START STORED DATA

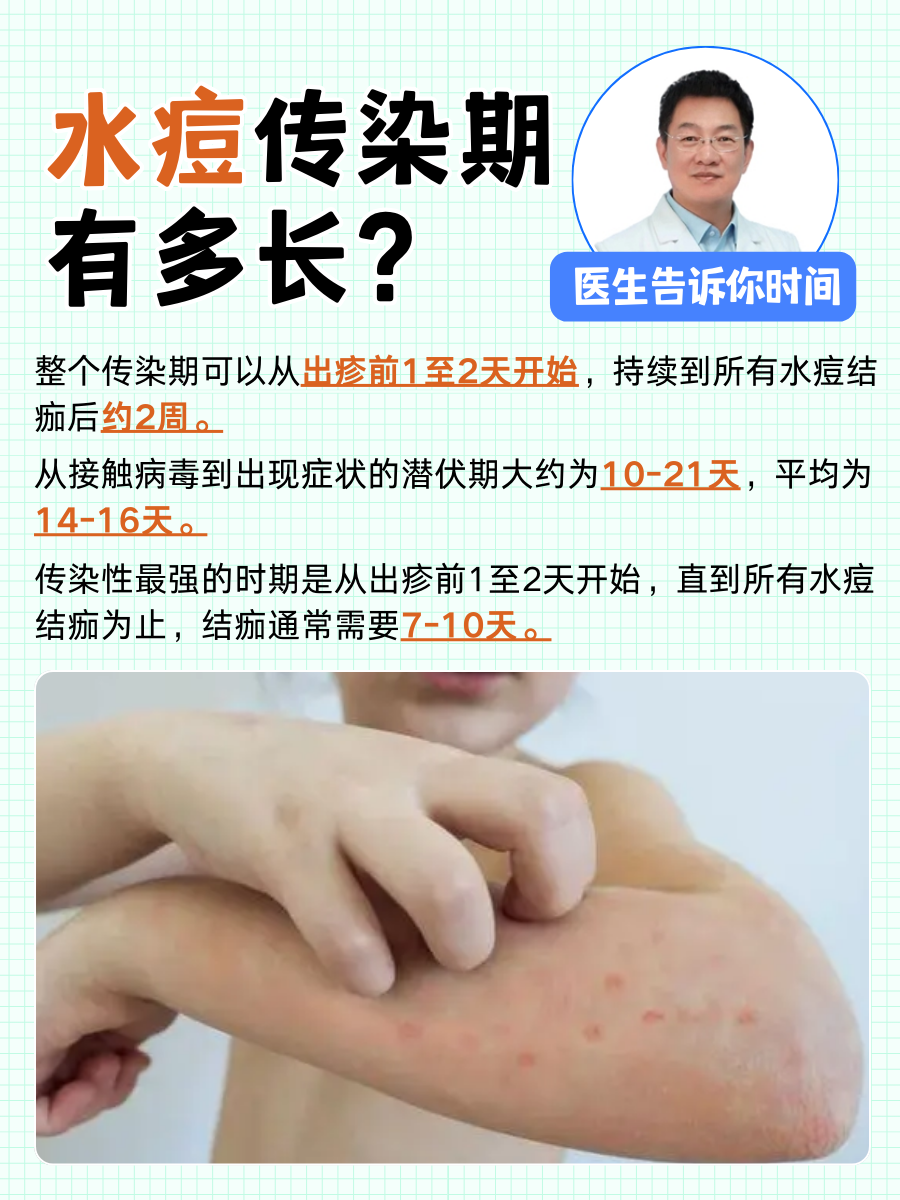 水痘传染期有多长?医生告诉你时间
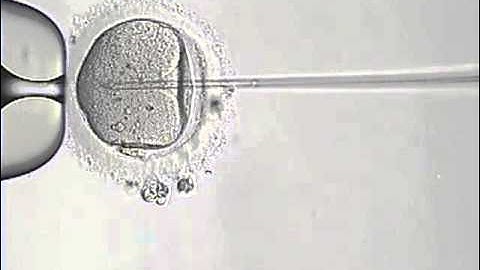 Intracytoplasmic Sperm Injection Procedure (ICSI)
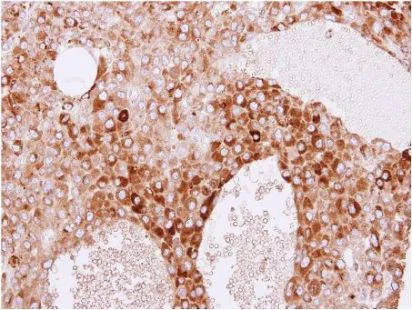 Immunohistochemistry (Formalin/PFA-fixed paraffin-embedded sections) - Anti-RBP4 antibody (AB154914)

END STORED DATA
START STORED DATA

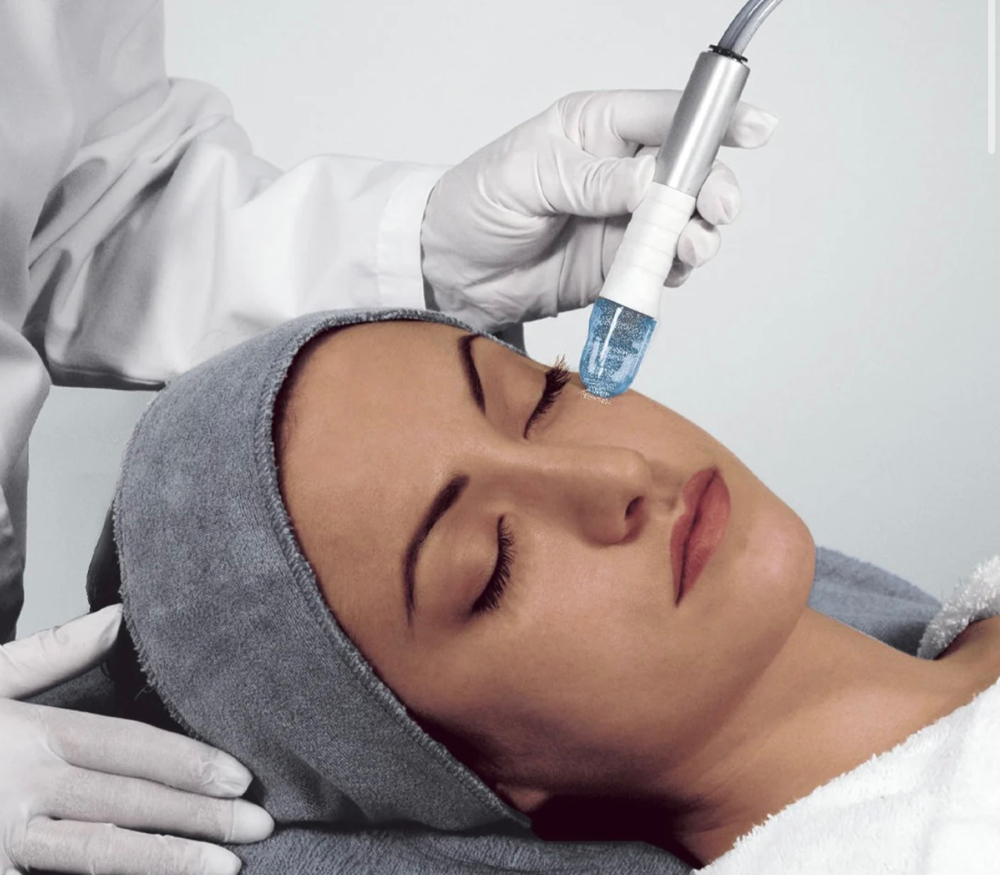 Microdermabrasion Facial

END STORED DATA

■ **DIRECTIONS FOR THIS TASK**
Quote the data above exactly from the line with "Intracytoplasmic Sperm Injection" to the line with "Immunohistochemistry (Formalin/PFA-fixed paraffin-embedded", both ends counted, and nothing else. Pictures don't go in.

■ **ANSWER TO THIS PROBLEM**
 Intracytoplasmic Sperm Injection Procedure (ICSI)
 Immunohistochemistry (Formalin/PFA-fixed paraffin-embedded sections) - Anti-RBP4 antibody (AB154914)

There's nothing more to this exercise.